El avatar de Arias Navarro insistió en que la exhumación se realizará "no más allá del día 25 para que esté fuera de las fechas electorales". O sea, un par de días antes del arranque oficial de la campaña, toda una garantía. ¿Y por qué no después, para que esté indudablemente fuera de fechas electorales? El fallo del Supremo estaría tan vigente entonces como ahora.

Pues tiene razón Vox al reclamar ante la Junta Electoral Central. No ya por la exhumación sino por la fecha elegida por el Gobierno, que eso no es asunto del Tribunal Supremo.

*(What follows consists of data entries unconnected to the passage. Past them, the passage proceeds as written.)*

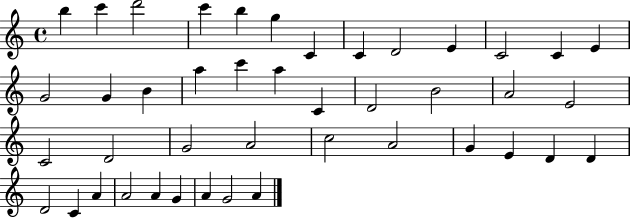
{
  \clef treble
  \time 4/4
  \defaultTimeSignature
  \key c \major
  b''4 c'''4 d'''2 | c'''4 b''4 g''4 c'4 | c'4 d'2 e'4 | c'2 c'4 e'4 | \break g'2 g'4 b'4 | a''4 c'''4 a''4 c'4 | d'2 b'2 | a'2 e'2 | \break c'2 d'2 | g'2 a'2 | c''2 a'2 | g'4 e'4 d'4 d'4 | \break d'2 c'4 a'4 | a'2 a'4 g'4 | a'4 g'2 a'4 | \bar "|."
}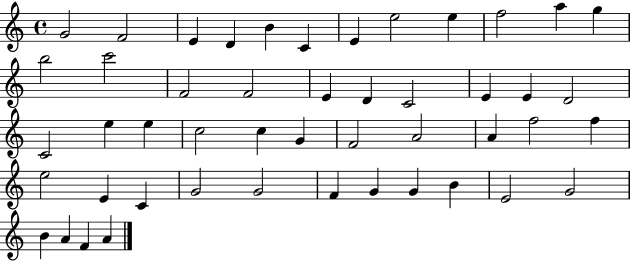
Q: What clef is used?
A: treble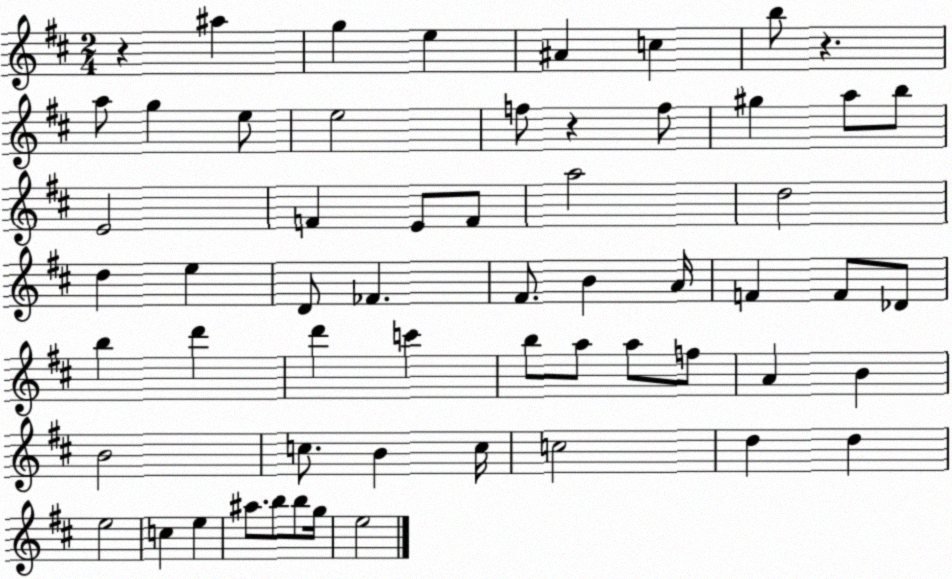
X:1
T:Untitled
M:2/4
L:1/4
K:D
z ^a g e ^A c b/2 z a/2 g e/2 e2 f/2 z f/2 ^g a/2 b/2 E2 F E/2 F/2 a2 d2 d e D/2 _F ^F/2 B A/4 F F/2 _D/2 b d' d' c' b/2 a/2 a/2 f/2 A B B2 c/2 B c/4 c2 d d e2 c e ^a/2 b/2 b/2 g/4 e2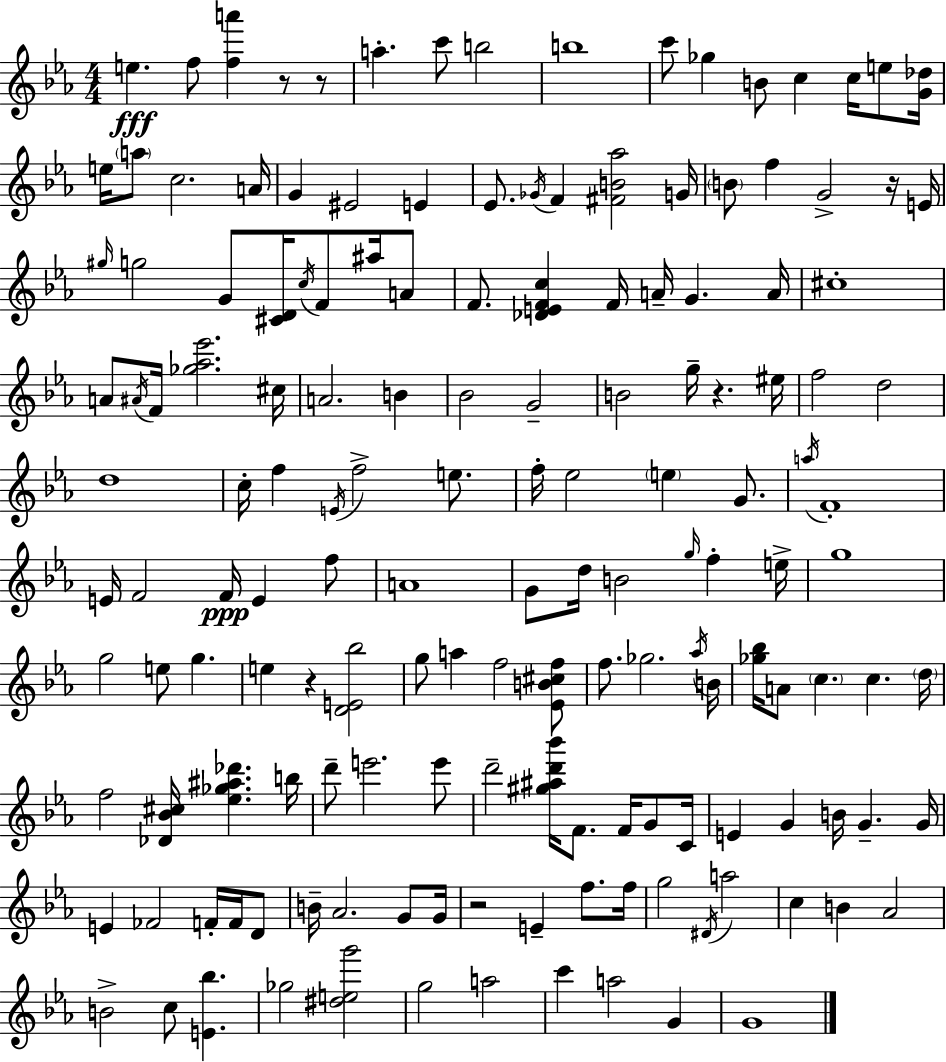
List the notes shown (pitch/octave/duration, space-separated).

E5/q. F5/e [F5,A6]/q R/e R/e A5/q. C6/e B5/h B5/w C6/e Gb5/q B4/e C5/q C5/s E5/e [G4,Db5]/s E5/s A5/e C5/h. A4/s G4/q EIS4/h E4/q Eb4/e. Gb4/s F4/q [F#4,B4,Ab5]/h G4/s B4/e F5/q G4/h R/s E4/s G#5/s G5/h G4/e [C#4,D4]/s C5/s F4/e A#5/s A4/e F4/e. [Db4,E4,F4,C5]/q F4/s A4/s G4/q. A4/s C#5/w A4/e A#4/s F4/s [Gb5,Ab5,Eb6]/h. C#5/s A4/h. B4/q Bb4/h G4/h B4/h G5/s R/q. EIS5/s F5/h D5/h D5/w C5/s F5/q E4/s F5/h E5/e. F5/s Eb5/h E5/q G4/e. A5/s F4/w E4/s F4/h F4/s E4/q F5/e A4/w G4/e D5/s B4/h G5/s F5/q E5/s G5/w G5/h E5/e G5/q. E5/q R/q [D4,E4,Bb5]/h G5/e A5/q F5/h [Eb4,B4,C#5,F5]/e F5/e. Gb5/h. Ab5/s B4/s [Gb5,Bb5]/s A4/e C5/q. C5/q. D5/s F5/h [Db4,Bb4,C#5]/s [Eb5,Gb5,A#5,Db6]/q. B5/s D6/e E6/h. E6/e D6/h [G#5,A#5,D6,Bb6]/s F4/e. F4/s G4/e C4/s E4/q G4/q B4/s G4/q. G4/s E4/q FES4/h F4/s F4/s D4/e B4/s Ab4/h. G4/e G4/s R/h E4/q F5/e. F5/s G5/h D#4/s A5/h C5/q B4/q Ab4/h B4/h C5/e [E4,Bb5]/q. Gb5/h [D#5,E5,G6]/h G5/h A5/h C6/q A5/h G4/q G4/w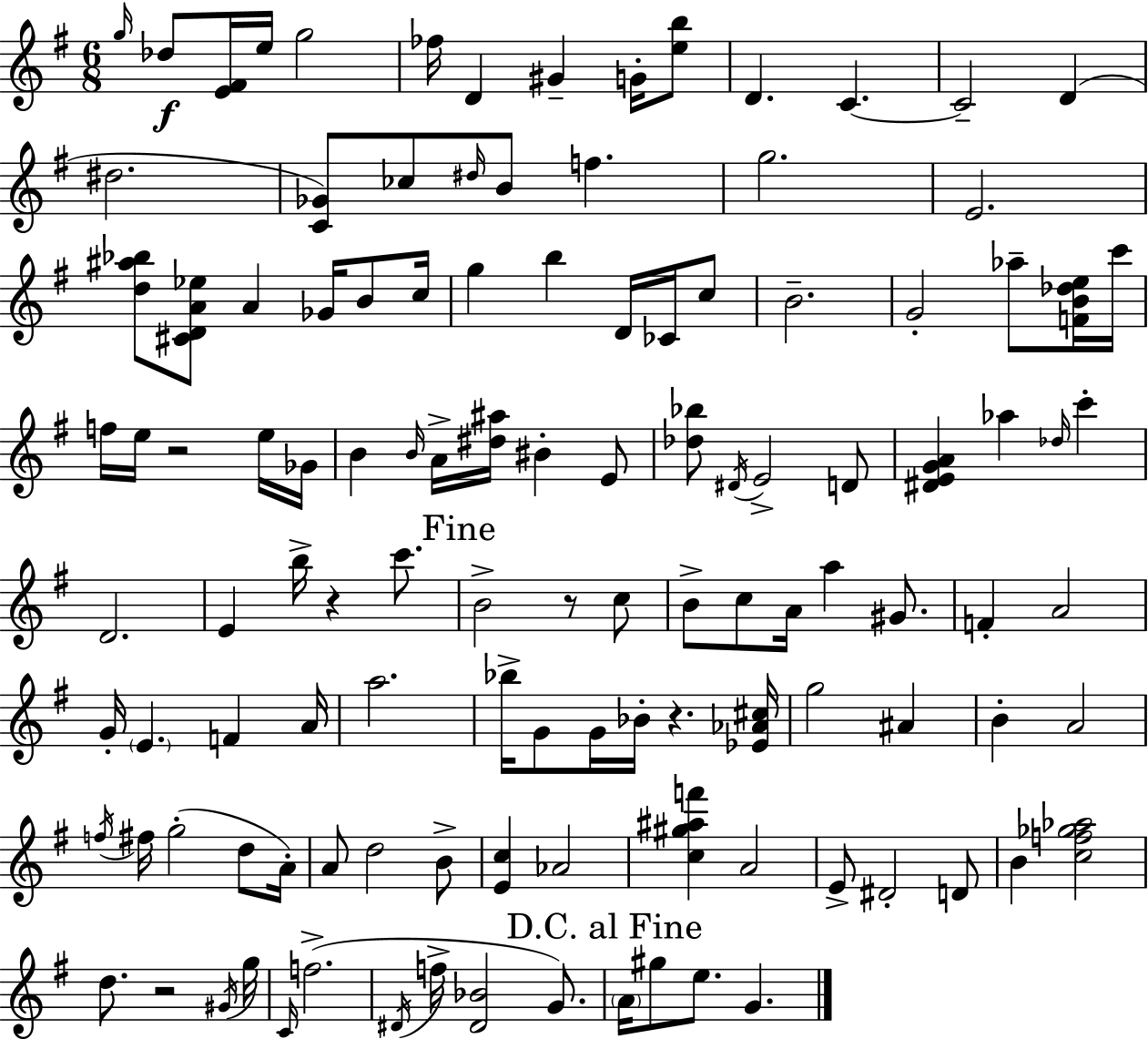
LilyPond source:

{
  \clef treble
  \numericTimeSignature
  \time 6/8
  \key e \minor
  \grace { g''16 }\f des''8 <e' fis'>16 e''16 g''2 | fes''16 d'4 gis'4-- g'16-. <e'' b''>8 | d'4. c'4.~~ | c'2-- d'4( | \break dis''2. | <c' ges'>8) ces''8 \grace { dis''16 } b'8 f''4. | g''2. | e'2. | \break <d'' ais'' bes''>8 <cis' d' a' ees''>8 a'4 ges'16 b'8 | c''16 g''4 b''4 d'16 ces'16 | c''8 b'2.-- | g'2-. aes''8-- | \break <f' b' des'' e''>16 c'''16 f''16 e''16 r2 | e''16 ges'16 b'4 \grace { b'16 } a'16-> <dis'' ais''>16 bis'4-. | e'8 <des'' bes''>8 \acciaccatura { dis'16 } e'2-> | d'8 <dis' e' g' a'>4 aes''4 | \break \grace { des''16 } c'''4-. d'2. | e'4 b''16-> r4 | c'''8. \mark "Fine" b'2-> | r8 c''8 b'8-> c''8 a'16 a''4 | \break gis'8. f'4-. a'2 | g'16-. \parenthesize e'4. | f'4 a'16 a''2. | bes''16-> g'8 g'16 bes'16-. r4. | \break <ees' aes' cis''>16 g''2 | ais'4 b'4-. a'2 | \acciaccatura { f''16 } fis''16 g''2-.( | d''8 a'16-.) a'8 d''2 | \break b'8-> <e' c''>4 aes'2 | <c'' gis'' ais'' f'''>4 a'2 | e'8-> dis'2-. | d'8 b'4 <c'' f'' ges'' aes''>2 | \break d''8. r2 | \acciaccatura { gis'16 } g''16 \grace { c'16 } f''2.->( | \acciaccatura { dis'16 } f''16-> <dis' bes'>2 | g'8.) \mark "D.C. al Fine" \parenthesize a'16 gis''8 | \break e''8. g'4. \bar "|."
}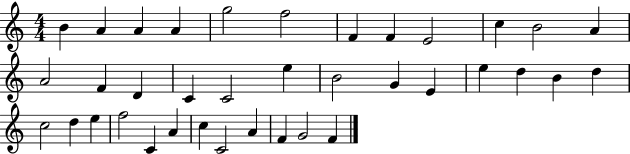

Y vuelve a tenerla cuando, tras un alarde de inmediatez por parte de la JEC –pocas horas después– para negarle a Vox la admisión a trámite de su reclamación, lleva la denuncia a los tribunales por la vía de lo contencioso. Alguien tendrá que hacer el trabajo sucio, aunque sea a trancas y barrancas, y cargar con los apelativos. Luego se beneficiarán los que han delegado en Vox su autocensura.

Una cosa es segura e inmutable: con el PSOE nunca habrá unas elecciones tranquilas.